Une « menace existentielle à la vie humaine au Canada et dans le monde entier », rien de moins. C’est en ces termes que la Cour suprême du Canada a qualifié les changements climatiques dans sa récente décision qui a confirmé la constitutionnalité de la Loi sur la tarification de la pollution causée par les émissions des gaz à effet de serre (GES), à l’origine de « la taxe fédérale sur le carbone ».

Cette affirmation sans équivoque vient cristalliser la grande évolution sociale qui s’est produite depuis l’entrée en vigueur de l’Accord de Paris en 2016, estime Me David Heurtel, ancien ministre du Développement durable, de l’Environnement et de la Lutte contre les changements climatiques de 2014 à 2017, maintenant avocat-conseil au cabinet Fasken. « On a fait du chemin depuis. En 2014-2015, il y avait encore un débat sur le plan de la science et des changements climatiques, se rappelle-t-il. Aujourd’hui, c’est clair et les entreprises qui ne les prennent pas en compte risquent de subir des conséquences économiques et réputationnelles importantes. »

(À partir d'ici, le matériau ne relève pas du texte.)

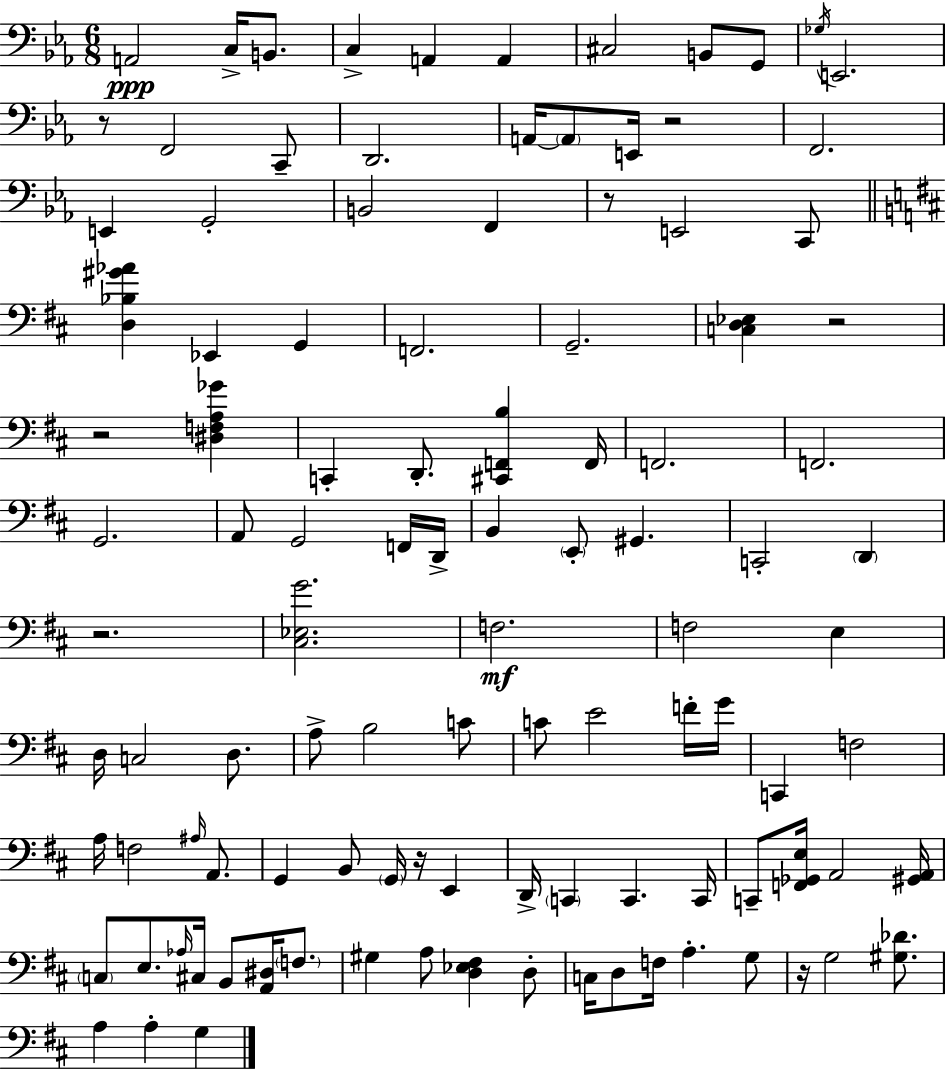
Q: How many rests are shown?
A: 8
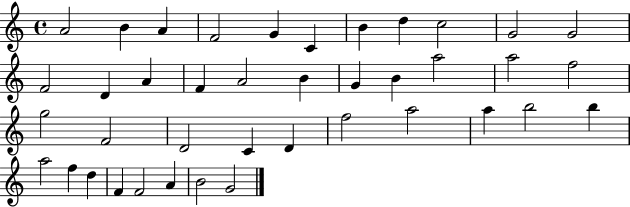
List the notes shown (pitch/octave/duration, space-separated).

A4/h B4/q A4/q F4/h G4/q C4/q B4/q D5/q C5/h G4/h G4/h F4/h D4/q A4/q F4/q A4/h B4/q G4/q B4/q A5/h A5/h F5/h G5/h F4/h D4/h C4/q D4/q F5/h A5/h A5/q B5/h B5/q A5/h F5/q D5/q F4/q F4/h A4/q B4/h G4/h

Tous les acteurs de la société sont appelés à contribuer à l’effort de réduction des GES, y compris les entreprises, qu’elles fassent partie de la catégorie des grands émetteurs ou non.
Corinne Gendron, professeure titulaire au Département de stratégie, responsabilité sociale et environnementale à l’UQAM

« Plus personne ne peut ignorer la crise climatique », confirme Jean-Michel Champagne, responsable du développement durable à HEC Montréal, où il est aussi chargé de cours en responsabilité sociale des entreprises (RSE). « Cet enjeu, qui était émergent depuis l’Accord de Kyoto en 2005, a été consolidé par l’Accord de Paris. Il est désormais institutionnalisé par des actions gouvernementales et la tarification du carbone », explique-t-il.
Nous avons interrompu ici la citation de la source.